Top of MATERIAL FOR THE TASK
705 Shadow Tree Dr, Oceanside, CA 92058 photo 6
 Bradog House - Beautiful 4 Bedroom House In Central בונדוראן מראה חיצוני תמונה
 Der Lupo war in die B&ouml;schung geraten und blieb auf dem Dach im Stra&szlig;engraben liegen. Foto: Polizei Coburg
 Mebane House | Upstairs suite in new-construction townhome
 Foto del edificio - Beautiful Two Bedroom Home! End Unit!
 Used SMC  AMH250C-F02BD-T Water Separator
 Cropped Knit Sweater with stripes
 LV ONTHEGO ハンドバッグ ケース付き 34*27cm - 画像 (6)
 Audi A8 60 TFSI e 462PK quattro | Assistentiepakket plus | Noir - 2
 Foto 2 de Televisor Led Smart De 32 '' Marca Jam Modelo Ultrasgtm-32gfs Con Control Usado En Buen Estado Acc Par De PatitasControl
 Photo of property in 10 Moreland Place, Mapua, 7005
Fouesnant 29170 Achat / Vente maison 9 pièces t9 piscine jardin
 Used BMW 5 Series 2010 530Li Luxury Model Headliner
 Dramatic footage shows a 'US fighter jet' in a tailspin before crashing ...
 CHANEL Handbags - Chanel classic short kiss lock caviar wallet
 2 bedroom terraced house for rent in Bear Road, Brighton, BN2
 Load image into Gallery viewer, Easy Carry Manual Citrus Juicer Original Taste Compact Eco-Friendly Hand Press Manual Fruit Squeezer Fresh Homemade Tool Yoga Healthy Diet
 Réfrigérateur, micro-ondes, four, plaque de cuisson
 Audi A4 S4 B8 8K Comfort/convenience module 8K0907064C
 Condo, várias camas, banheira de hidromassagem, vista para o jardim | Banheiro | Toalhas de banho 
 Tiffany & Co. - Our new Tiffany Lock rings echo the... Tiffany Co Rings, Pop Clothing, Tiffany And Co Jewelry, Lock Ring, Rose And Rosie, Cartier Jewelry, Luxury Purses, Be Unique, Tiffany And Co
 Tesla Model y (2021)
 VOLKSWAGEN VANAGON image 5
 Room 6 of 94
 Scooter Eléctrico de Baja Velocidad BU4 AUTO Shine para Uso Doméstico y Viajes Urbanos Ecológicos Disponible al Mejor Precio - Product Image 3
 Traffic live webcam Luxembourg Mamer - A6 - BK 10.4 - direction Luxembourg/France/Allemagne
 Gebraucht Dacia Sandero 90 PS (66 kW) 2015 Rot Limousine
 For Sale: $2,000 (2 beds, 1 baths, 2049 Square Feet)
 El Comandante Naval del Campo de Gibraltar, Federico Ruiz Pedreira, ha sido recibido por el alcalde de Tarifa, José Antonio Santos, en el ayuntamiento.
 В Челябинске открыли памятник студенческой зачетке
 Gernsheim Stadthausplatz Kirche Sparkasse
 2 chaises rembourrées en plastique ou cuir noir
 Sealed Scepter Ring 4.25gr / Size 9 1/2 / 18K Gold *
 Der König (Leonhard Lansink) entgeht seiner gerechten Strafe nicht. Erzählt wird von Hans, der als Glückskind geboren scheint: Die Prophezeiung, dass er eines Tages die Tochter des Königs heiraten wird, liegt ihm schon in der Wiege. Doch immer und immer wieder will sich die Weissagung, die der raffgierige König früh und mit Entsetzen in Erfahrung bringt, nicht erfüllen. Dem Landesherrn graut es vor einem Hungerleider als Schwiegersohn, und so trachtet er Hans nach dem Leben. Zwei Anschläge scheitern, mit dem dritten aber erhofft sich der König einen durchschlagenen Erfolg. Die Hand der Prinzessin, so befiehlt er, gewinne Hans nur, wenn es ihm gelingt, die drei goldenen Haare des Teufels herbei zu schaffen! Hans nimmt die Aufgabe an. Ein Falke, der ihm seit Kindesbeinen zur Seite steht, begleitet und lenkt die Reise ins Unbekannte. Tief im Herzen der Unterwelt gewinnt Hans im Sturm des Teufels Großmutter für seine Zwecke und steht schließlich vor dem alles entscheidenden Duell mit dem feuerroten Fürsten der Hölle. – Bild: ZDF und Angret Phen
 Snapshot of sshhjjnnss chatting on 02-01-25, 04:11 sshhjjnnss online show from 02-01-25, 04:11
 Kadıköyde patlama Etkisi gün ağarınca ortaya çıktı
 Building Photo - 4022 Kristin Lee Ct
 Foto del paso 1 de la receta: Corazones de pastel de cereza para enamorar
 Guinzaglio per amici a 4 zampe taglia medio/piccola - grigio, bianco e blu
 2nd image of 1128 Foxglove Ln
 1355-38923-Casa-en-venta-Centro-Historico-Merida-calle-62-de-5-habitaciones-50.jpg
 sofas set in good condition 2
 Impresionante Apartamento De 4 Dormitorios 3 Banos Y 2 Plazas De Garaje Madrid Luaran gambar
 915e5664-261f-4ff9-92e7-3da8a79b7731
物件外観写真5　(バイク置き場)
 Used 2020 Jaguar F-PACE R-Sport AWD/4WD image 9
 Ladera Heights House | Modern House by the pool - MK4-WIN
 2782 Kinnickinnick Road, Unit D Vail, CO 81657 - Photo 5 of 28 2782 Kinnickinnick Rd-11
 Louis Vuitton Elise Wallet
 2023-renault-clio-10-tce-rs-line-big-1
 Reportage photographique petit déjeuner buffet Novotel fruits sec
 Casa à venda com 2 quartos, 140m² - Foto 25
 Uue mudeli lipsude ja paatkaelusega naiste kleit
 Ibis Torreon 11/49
Bottom of MATERIAL FOR THE TASK
• **EXERCISE DETAILS**
Retype every entry exactly.

• **RESPONSE TO THE EXERCISE**
705 Shadow Tree Dr, Oceanside, CA 92058 photo 6
 Bradog House - Beautiful 4 Bedroom House In Central בונדוראן מראה חיצוני תמונה
 Der Lupo war in die B&ouml;schung geraten und blieb auf dem Dach im Stra&szlig;engraben liegen. Foto: Polizei Coburg
 Mebane House | Upstairs suite in new-construction townhome
 Foto del edificio - Beautiful Two Bedroom Home! End Unit!
 Used SMC  AMH250C-F02BD-T Water Separator
 Cropped Knit Sweater with stripes
 LV ONTHEGO ハンドバッグ ケース付き 34*27cm - 画像 (6)
 Audi A8 60 TFSI e 462PK quattro | Assistentiepakket plus | Noir - 2
 Foto 2 de Televisor Led Smart De 32 '' Marca Jam Modelo Ultrasgtm-32gfs Con Control Usado En Buen Estado Acc Par De PatitasControl
 Photo of property in 10 Moreland Place, Mapua, 7005
Fouesnant 29170 Achat / Vente maison 9 pièces t9 piscine jardin
 Used BMW 5 Series 2010 530Li Luxury Model Headliner
 Dramatic footage shows a 'US fighter jet' in a tailspin before crashing ...
 CHANEL Handbags - Chanel classic short kiss lock caviar wallet
 2 bedroom terraced house for rent in Bear Road, Brighton, BN2
 Load image into Gallery viewer, Easy Carry Manual Citrus Juicer Original Taste Compact Eco-Friendly Hand Press Manual Fruit Squeezer Fresh Homemade Tool Yoga Healthy Diet
 Réfrigérateur, micro-ondes, four, plaque de cuisson
 Audi A4 S4 B8 8K Comfort/convenience module 8K0907064C
 Condo, várias camas, banheira de hidromassagem, vista para o jardim | Banheiro | Toalhas de banho 
 Tiffany & Co. - Our new Tiffany Lock rings echo the... Tiffany Co Rings, Pop Clothing, Tiffany And Co Jewelry, Lock Ring, Rose And Rosie, Cartier Jewelry, Luxury Purses, Be Unique, Tiffany And Co
 Tesla Model y (2021)
 VOLKSWAGEN VANAGON image 5
 Room 6 of 94
 Scooter Eléctrico de Baja Velocidad BU4 AUTO Shine para Uso Doméstico y Viajes Urbanos Ecológicos Disponible al Mejor Precio - Product Image 3
 Traffic live webcam Luxembourg Mamer - A6 - BK 10.4 - direction Luxembourg/France/Allemagne
 Gebraucht Dacia Sandero 90 PS (66 kW) 2015 Rot Limousine
 For Sale: $2,000 (2 beds, 1 baths, 2049 Square Feet)
 El Comandante Naval del Campo de Gibraltar, Federico Ruiz Pedreira, ha sido recibido por el alcalde de Tarifa, José Antonio Santos, en el ayuntamiento.
 В Челябинске открыли памятник студенческой зачетке
 Gernsheim Stadthausplatz Kirche Sparkasse
 2 chaises rembourrées en plastique ou cuir noir
 Sealed Scepter Ring 4.25gr / Size 9 1/2 / 18K Gold *
 Der König (Leonhard Lansink) entgeht seiner gerechten Strafe nicht. Erzählt wird von Hans, der als Glückskind geboren scheint: Die Prophezeiung, dass er eines Tages die Tochter des Königs heiraten wird, liegt ihm schon in der Wiege. Doch immer und immer wieder will sich die Weissagung, die der raffgierige König früh und mit Entsetzen in Erfahrung bringt, nicht erfüllen. Dem Landesherrn graut es vor einem Hungerleider als Schwiegersohn, und so trachtet er Hans nach dem Leben. Zwei Anschläge scheitern, mit dem dritten aber erhofft sich der König einen durchschlagenen Erfolg. Die Hand der Prinzessin, so befiehlt er, gewinne Hans nur, wenn es ihm gelingt, die drei goldenen Haare des Teufels herbei zu schaffen! Hans nimmt die Aufgabe an. Ein Falke, der ihm seit Kindesbeinen zur Seite steht, begleitet und lenkt die Reise ins Unbekannte. Tief im Herzen der Unterwelt gewinnt Hans im Sturm des Teufels Großmutter für seine Zwecke und steht schließlich vor dem alles entscheidenden Duell mit dem feuerroten Fürsten der Hölle. – Bild: ZDF und Angret Phen
 Snapshot of sshhjjnnss chatting on 02-01-25, 04:11 sshhjjnnss online show from 02-01-25, 04:11
 Kadıköyde patlama Etkisi gün ağarınca ortaya çıktı
 Building Photo - 4022 Kristin Lee Ct
 Foto del paso 1 de la receta: Corazones de pastel de cereza para enamorar
 Guinzaglio per amici a 4 zampe taglia medio/piccola - grigio, bianco e blu
 2nd image of 1128 Foxglove Ln
 1355-38923-Casa-en-venta-Centro-Historico-Merida-calle-62-de-5-habitaciones-50.jpg
 sofas set in good condition 2
 Impresionante Apartamento De 4 Dormitorios 3 Banos Y 2 Plazas De Garaje Madrid Luaran gambar
 915e5664-261f-4ff9-92e7-3da8a79b7731
物件外観写真5　(バイク置き場)
 Used 2020 Jaguar F-PACE R-Sport AWD/4WD image 9
 Ladera Heights House | Modern House by the pool - MK4-WIN
 2782 Kinnickinnick Road, Unit D Vail, CO 81657 - Photo 5 of 28 2782 Kinnickinnick Rd-11
 Louis Vuitton Elise Wallet
 2023-renault-clio-10-tce-rs-line-big-1
 Reportage photographique petit déjeuner buffet Novotel fruits sec
 Casa à venda com 2 quartos, 140m² - Foto 25
 Uue mudeli lipsude ja paatkaelusega naiste kleit
 Ibis Torreon 11/49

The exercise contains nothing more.